I need to construct a parser for an expression which is allowed to have only 2 operators (AND & OR) and such that both operators cannot be presenet in a enclosing paranthesis.
Eg1:
(A AND B OR C) --> invalid
(A AND (B OR C)) --> valid
Eg2:
(A AND (B OR C) OR D) --> invalid
((A AND (B OR C)) OR D) --> valid
(A AND ((B OR C) OR D)) --> valid
Please note: I'm very new to this. I had tried to attempt this using LL(1) parser by following a few online tutorials. Here is what I've achieved so far.
E -> F E'
E' -> OR F E'
E' -> ''
F -> G F'
F' -> AND G F'
F' -> ''
G -> ( E )
G -> id
The above grammar rules checks whether I have only the valid operators & parenthesis but doesn't not identify the ambiguity problem.

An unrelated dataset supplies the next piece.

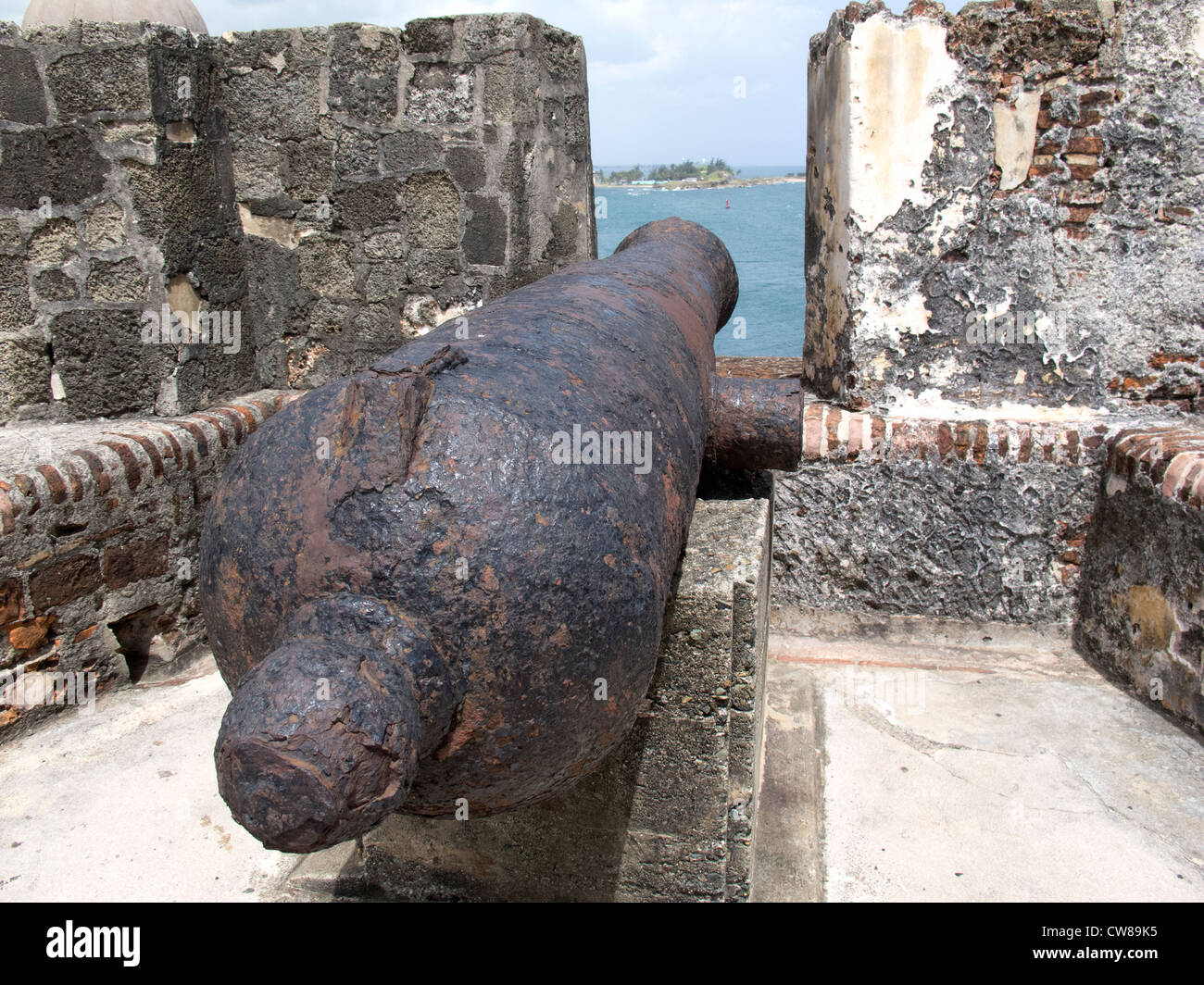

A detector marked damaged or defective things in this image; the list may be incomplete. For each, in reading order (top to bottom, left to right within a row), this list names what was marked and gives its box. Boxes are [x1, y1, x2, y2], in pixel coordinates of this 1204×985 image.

rusty iron surface [198, 219, 793, 852]
heavily corroded cannon [199, 219, 796, 852]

I'm not expecting a solution here but I just wanna know if I'm on the right track. Because in one of the tutorial the tutor had mentioned that LL(1) parser will not work if there is more than one lookup for a terminal symbol. I know that I haven't encountered such a situation yet but will I (particularly when generating the rules for resolving the ambiguity)???
Edit1
E -> F E'
E' -> OR F E'
E' -> AND F E'
E' -> ''
F -> ( E )
F -> id
Edit2: Solution
E -> F E'
E' -> and F G
E' -> or F H
E' -> ''
G -> and F G
G -> ''
H -> or F H
H -> ''
F -> ( E )
F -> id